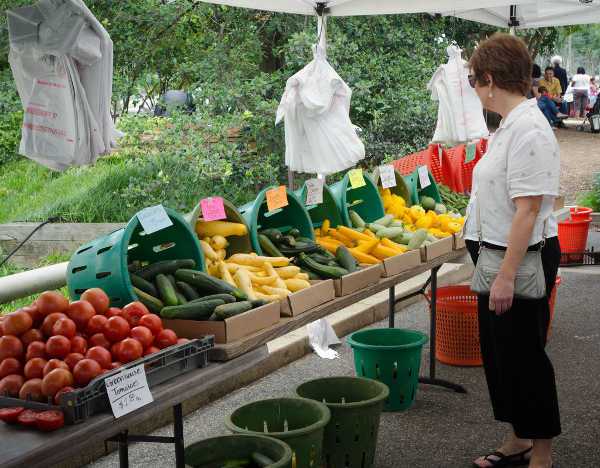 New Data Reflects Continued Demand For Farmers Markets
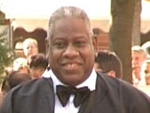 Andre Leon Talley: Schwärmt von Karl Lagerfeld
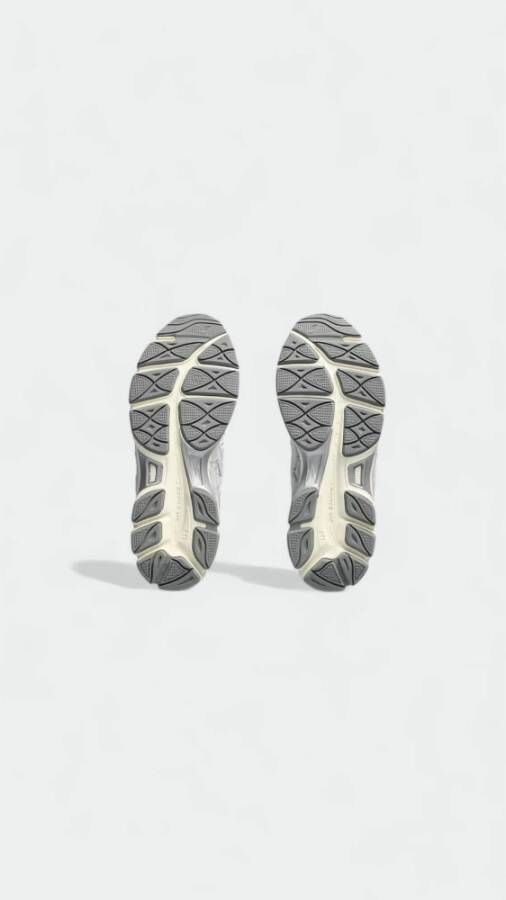 ASICS NYC hardloopschoenen geïnspireerd door iconische ontwerpen Gray Heren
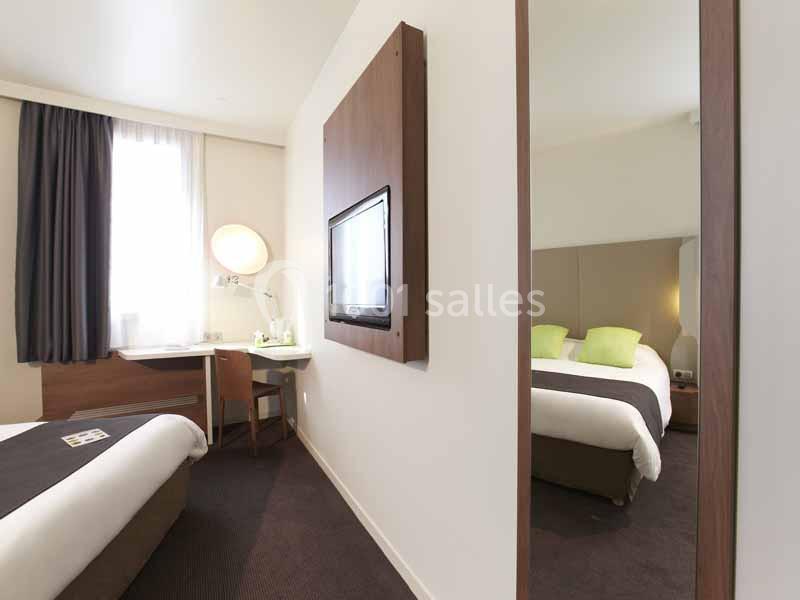 Location salle Nice (Alpes-Maritimes) - Campanile Nice Aéroport #21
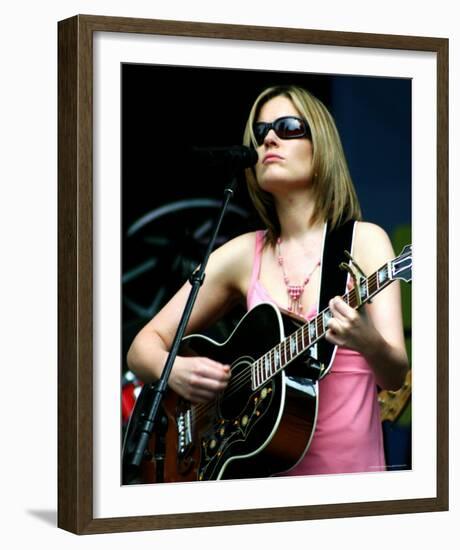 Dido-null-Framed Photo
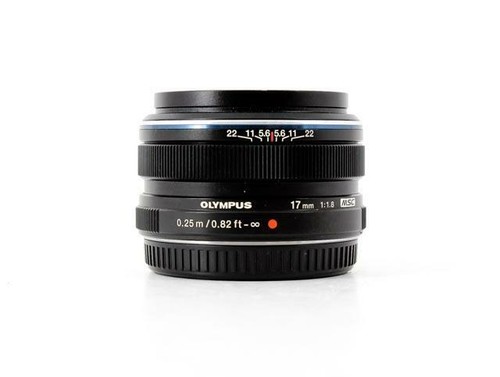 Olympus zuiko digital 17 - zuiko,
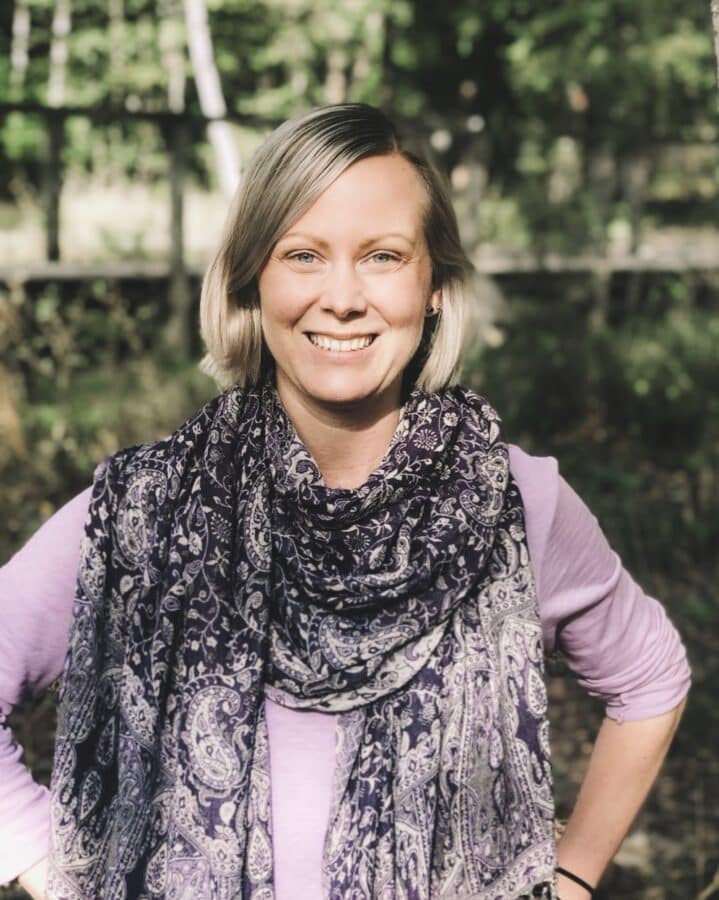Yoga Vidya Seminarleiterin Manisha Otterbeck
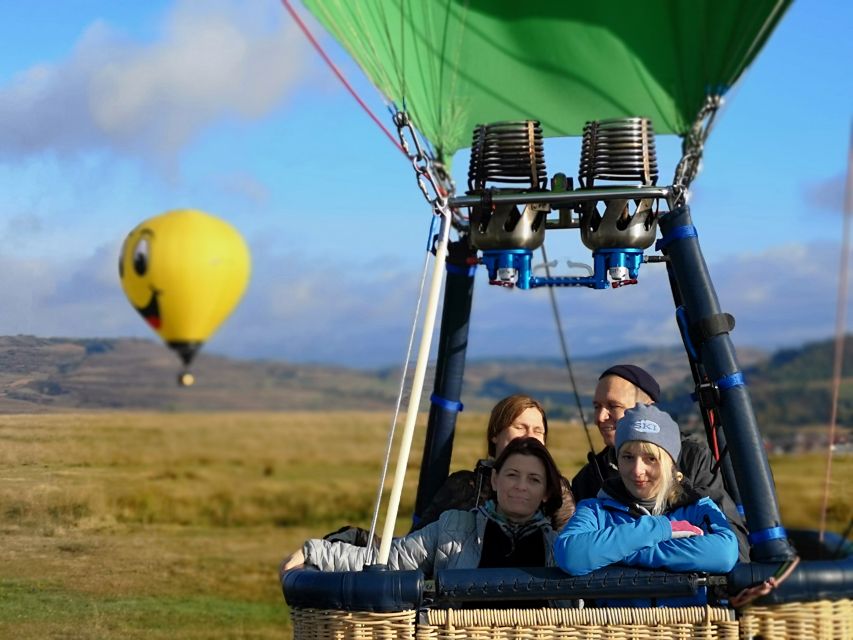 Kraków: Hot Air Balloon Flight with Champagne - How Much Value Do You Get for $726?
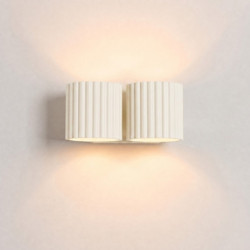 Applique AURA 2 Beige G9 | Sollux
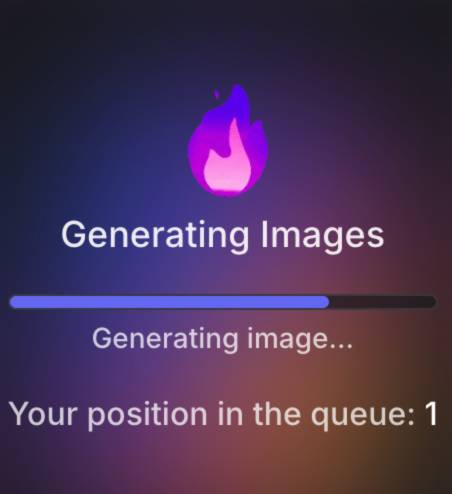 step5 - image generation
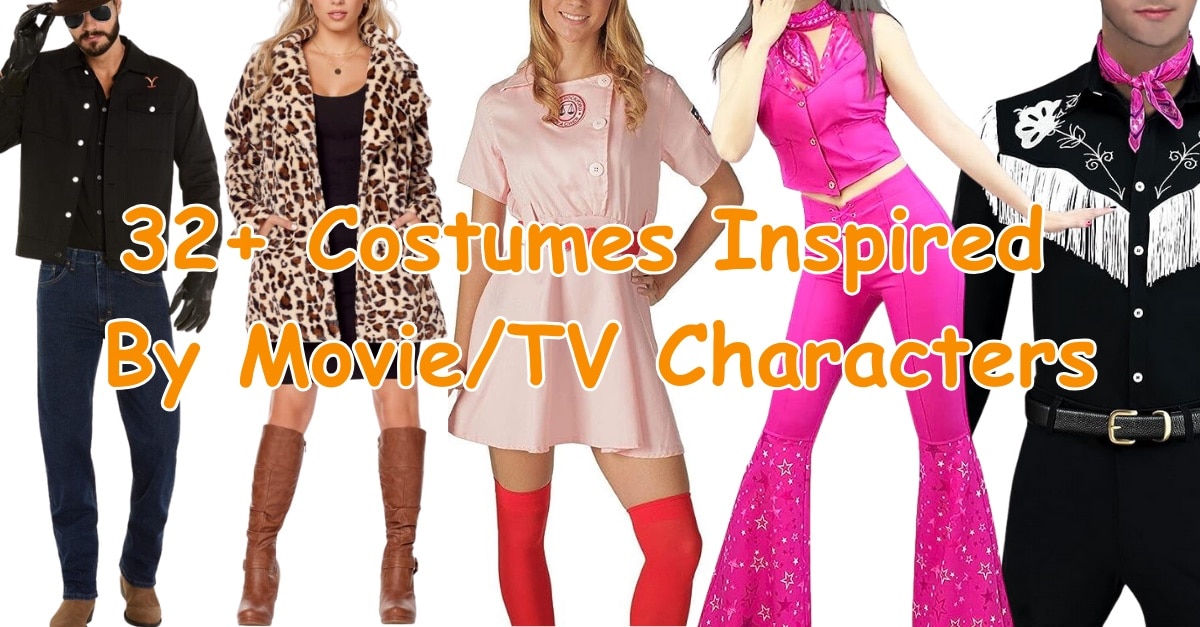 Costumes cinéma/série 5 étoiles : La tendance incontournable de cette année !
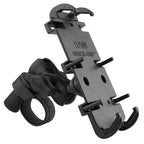 RAM Quick-Grip™ XL Telefoonhouder met RAM Tough-Strap™ Stuurhouder Basis - RAM Mounts RAP-B-460-A-PD4U afbeelding 3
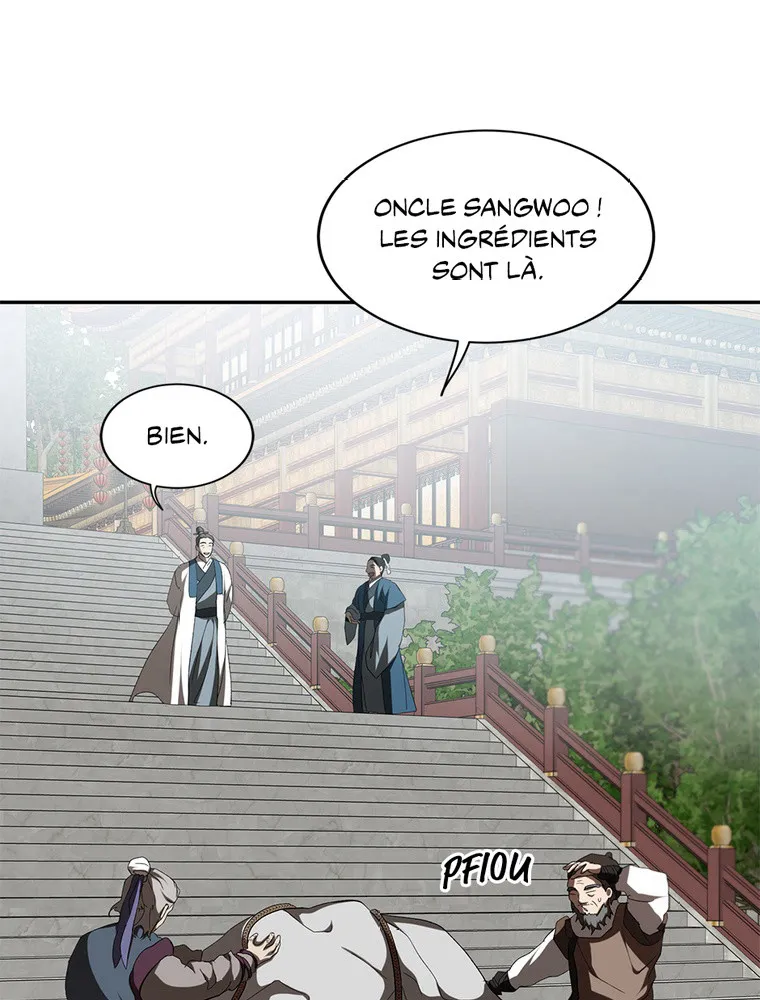 Read La Saga du Clan Mudang FR Manga Online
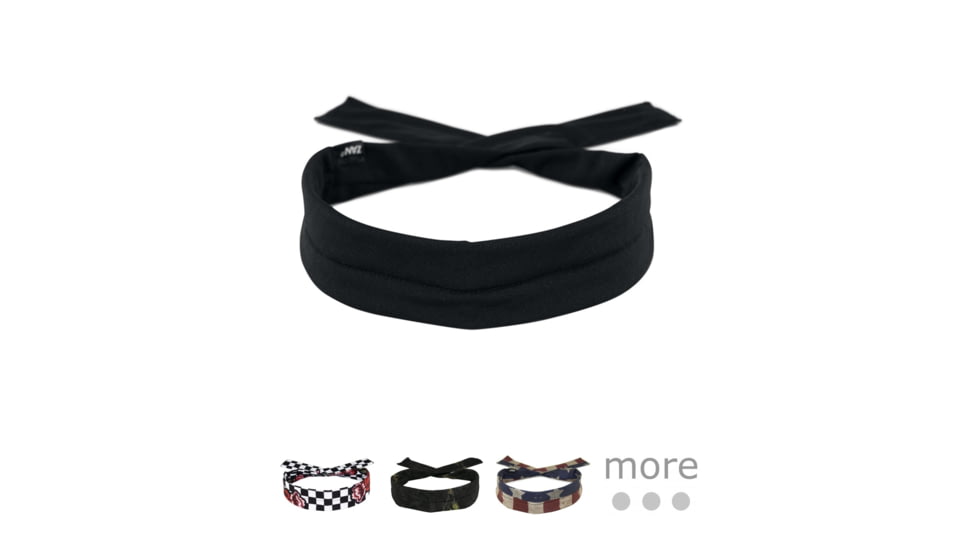 Zan Headgear Cooldanna, Black, Checkered Floral, Mossy Oak Break-Up Eclipse, Patriot, Realtree Edge, RealTree Original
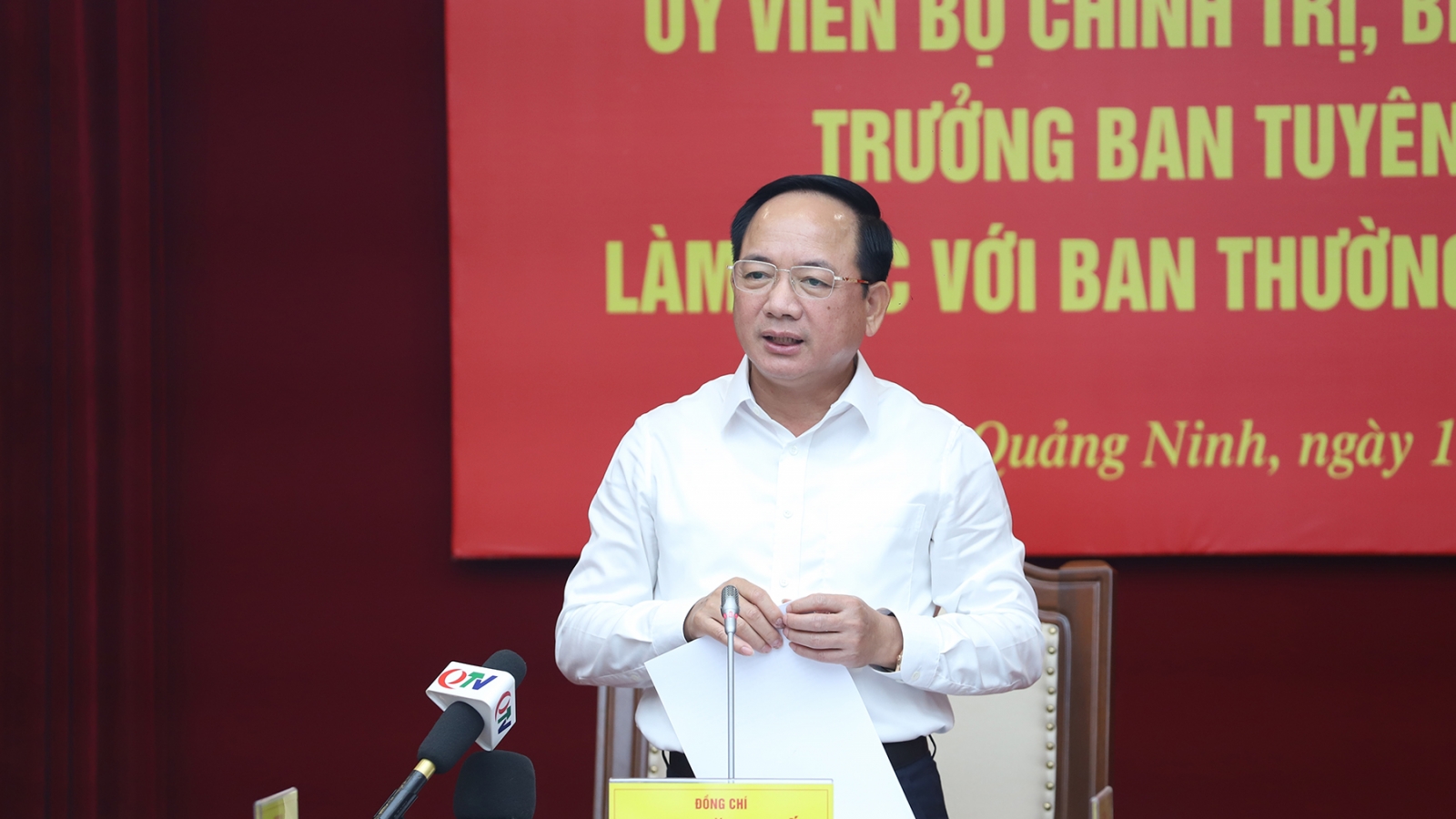 Quảng Ninh chủ động đi trước trong triển khai vận hành các mô hình mới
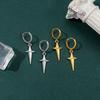 Fashion Earrings And Studs Set Metal Jewelry Accessories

**What to produce**
Above are some records. Reproduce the lines from the one with "Location salle Nice" down to the one with "Costumes cinéma/série 5", keeping both, and leave every picture out.

**Worked solution**
 Location salle Nice (Alpes-Maritimes) - Campanile Nice Aéroport #21
 Dido-null-Framed Photo
 Olympus zuiko digital 17 - zuiko,
Yoga Vidya Seminarleiterin Manisha Otterbeck
 Kraków: Hot Air Balloon Flight with Champagne - How Much Value Do You Get for $726?
 Applique AURA 2 Beige G9 | Sollux
 step5 - image generation
 Costumes cinéma/série 5 étoiles : La tendance incontournable de cette année !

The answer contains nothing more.